_Task goal:_
From the entries below, copy exactly the lines from the one that contains "Πράσινος καναπές: τύποι, σχεδιασμός, επιλογή" through the one that contains "Sneaker Bassa Mi", both included, and only those.

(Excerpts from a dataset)

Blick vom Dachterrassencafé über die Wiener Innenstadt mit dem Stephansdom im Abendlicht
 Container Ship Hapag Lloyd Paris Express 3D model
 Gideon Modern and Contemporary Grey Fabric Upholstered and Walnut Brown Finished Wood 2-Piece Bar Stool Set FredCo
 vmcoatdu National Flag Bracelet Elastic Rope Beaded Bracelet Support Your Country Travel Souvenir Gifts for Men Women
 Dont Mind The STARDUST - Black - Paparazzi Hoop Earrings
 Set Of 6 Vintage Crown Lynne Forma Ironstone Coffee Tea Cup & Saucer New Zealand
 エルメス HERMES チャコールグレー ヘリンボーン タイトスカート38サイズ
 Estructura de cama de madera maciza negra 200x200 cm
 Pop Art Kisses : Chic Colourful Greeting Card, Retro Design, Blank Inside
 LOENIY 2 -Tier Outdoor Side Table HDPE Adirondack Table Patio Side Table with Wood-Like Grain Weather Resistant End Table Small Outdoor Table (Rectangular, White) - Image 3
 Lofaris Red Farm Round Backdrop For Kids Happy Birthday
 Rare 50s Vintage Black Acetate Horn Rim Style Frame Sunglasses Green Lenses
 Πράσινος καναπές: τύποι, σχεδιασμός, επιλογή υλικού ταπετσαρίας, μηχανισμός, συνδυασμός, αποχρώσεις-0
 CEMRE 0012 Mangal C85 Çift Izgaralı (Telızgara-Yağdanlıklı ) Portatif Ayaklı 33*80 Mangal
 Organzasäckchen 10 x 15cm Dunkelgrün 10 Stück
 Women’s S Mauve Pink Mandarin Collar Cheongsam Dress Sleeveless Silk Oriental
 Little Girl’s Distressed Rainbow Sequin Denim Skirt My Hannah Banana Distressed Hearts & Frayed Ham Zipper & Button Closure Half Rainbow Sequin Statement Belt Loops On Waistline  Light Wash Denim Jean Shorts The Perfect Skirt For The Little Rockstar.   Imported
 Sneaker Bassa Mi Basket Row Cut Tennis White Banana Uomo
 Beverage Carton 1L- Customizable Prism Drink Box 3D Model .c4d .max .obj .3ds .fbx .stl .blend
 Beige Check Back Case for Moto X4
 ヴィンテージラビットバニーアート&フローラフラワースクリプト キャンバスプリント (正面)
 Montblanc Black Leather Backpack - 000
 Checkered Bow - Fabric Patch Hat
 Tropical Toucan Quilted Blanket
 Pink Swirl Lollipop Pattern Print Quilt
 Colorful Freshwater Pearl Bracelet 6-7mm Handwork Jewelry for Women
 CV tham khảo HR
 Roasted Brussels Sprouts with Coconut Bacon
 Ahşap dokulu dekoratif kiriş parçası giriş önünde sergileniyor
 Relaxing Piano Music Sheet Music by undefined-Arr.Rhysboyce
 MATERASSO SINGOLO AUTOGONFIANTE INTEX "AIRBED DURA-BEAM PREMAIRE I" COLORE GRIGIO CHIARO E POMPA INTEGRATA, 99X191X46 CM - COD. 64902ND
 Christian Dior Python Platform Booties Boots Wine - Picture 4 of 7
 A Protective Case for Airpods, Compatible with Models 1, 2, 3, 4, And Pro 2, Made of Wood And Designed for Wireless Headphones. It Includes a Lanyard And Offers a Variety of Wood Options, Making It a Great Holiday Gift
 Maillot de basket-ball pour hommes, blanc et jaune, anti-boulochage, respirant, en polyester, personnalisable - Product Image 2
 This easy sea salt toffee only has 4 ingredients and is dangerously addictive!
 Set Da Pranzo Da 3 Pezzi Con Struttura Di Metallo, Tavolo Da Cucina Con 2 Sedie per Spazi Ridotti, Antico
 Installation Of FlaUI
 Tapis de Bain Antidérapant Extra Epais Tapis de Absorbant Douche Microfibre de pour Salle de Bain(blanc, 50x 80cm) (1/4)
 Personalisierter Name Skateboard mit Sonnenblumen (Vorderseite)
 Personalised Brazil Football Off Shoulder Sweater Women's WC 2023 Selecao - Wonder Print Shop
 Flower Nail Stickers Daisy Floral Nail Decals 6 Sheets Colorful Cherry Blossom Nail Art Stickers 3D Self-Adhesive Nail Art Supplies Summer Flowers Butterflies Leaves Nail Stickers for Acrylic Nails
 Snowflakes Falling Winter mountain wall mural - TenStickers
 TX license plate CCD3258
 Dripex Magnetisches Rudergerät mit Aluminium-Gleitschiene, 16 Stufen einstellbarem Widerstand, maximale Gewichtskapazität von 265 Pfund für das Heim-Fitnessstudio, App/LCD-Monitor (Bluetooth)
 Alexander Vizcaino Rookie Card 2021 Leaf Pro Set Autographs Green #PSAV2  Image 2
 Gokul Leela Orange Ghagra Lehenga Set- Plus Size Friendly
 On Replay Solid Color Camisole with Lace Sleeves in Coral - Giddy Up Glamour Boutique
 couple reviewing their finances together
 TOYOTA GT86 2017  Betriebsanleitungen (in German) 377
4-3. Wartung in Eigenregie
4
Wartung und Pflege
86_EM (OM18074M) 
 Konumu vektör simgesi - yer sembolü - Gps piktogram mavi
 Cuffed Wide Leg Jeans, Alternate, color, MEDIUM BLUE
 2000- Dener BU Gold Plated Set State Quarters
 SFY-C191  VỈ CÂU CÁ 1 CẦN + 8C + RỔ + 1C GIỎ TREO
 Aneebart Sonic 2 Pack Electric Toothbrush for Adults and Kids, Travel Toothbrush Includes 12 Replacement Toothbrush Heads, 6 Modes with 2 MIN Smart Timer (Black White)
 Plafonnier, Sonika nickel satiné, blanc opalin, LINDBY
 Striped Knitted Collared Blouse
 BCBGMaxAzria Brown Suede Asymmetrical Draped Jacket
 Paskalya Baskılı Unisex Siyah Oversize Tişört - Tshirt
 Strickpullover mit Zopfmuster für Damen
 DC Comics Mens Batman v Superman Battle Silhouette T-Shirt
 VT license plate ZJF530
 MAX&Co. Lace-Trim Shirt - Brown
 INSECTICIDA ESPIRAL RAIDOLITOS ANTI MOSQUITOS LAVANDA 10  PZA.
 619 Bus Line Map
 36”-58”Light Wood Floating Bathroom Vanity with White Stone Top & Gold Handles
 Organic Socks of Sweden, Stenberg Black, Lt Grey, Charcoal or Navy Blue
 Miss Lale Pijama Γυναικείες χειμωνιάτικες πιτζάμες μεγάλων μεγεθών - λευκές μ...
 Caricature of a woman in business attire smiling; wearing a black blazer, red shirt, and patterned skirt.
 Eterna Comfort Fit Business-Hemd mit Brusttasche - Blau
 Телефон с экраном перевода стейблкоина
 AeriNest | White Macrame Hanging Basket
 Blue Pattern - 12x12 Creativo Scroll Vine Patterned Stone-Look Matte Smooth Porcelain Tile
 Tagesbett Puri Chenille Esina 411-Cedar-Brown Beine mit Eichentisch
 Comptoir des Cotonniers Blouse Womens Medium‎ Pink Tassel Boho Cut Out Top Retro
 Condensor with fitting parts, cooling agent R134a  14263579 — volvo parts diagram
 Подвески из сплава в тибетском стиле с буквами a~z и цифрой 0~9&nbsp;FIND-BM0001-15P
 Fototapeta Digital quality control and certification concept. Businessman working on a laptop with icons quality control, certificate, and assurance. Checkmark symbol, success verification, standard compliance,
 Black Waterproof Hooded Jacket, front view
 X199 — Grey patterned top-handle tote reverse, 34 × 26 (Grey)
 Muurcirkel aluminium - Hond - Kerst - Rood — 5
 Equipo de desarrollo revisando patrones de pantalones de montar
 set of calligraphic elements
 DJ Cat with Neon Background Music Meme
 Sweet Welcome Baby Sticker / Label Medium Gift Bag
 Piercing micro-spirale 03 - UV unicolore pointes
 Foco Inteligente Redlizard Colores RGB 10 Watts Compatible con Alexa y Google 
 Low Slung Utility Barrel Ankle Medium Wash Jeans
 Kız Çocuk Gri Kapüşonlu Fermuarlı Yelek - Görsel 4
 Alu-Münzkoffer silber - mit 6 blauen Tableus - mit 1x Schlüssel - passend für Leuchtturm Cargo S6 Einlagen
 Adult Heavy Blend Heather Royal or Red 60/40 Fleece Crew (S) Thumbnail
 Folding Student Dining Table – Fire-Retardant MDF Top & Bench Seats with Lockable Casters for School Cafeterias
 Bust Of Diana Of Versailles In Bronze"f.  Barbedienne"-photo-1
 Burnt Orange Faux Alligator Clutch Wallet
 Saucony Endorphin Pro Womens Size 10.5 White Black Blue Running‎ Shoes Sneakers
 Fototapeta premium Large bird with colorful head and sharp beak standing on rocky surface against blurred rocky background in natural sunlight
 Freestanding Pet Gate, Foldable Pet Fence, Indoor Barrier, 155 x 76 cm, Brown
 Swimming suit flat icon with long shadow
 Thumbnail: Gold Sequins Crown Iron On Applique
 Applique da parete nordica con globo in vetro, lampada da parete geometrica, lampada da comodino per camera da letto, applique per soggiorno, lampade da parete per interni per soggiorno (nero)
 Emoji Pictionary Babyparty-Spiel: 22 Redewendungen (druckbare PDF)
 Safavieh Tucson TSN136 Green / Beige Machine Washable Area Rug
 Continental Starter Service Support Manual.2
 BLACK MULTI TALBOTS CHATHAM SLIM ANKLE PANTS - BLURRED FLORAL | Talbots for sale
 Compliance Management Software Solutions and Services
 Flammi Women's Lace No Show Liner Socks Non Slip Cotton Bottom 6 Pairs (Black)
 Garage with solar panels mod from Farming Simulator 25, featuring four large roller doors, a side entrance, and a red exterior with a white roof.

_Final answer:_
 Πράσινος καναπές: τύποι, σχεδιασμός, επιλογή υλικού ταπετσαρίας, μηχανισμός, συνδυασμός, αποχρώσεις-0
 CEMRE 0012 Mangal C85 Çift Izgaralı (Telızgara-Yağdanlıklı ) Portatif Ayaklı 33*80 Mangal
 Organzasäckchen 10 x 15cm Dunkelgrün 10 Stück
 Women’s S Mauve Pink Mandarin Collar Cheongsam Dress Sleeveless Silk Oriental
 Little Girl’s Distressed Rainbow Sequin Denim Skirt My Hannah Banana Distressed Hearts & Frayed Ham Zipper & Button Closure Half Rainbow Sequin Statement Belt Loops On Waistline  Light Wash Denim Jean Shorts The Perfect Skirt For The Little Rockstar.   Imported
 Sneaker Bassa Mi Basket Row Cut Tennis White Banana Uomo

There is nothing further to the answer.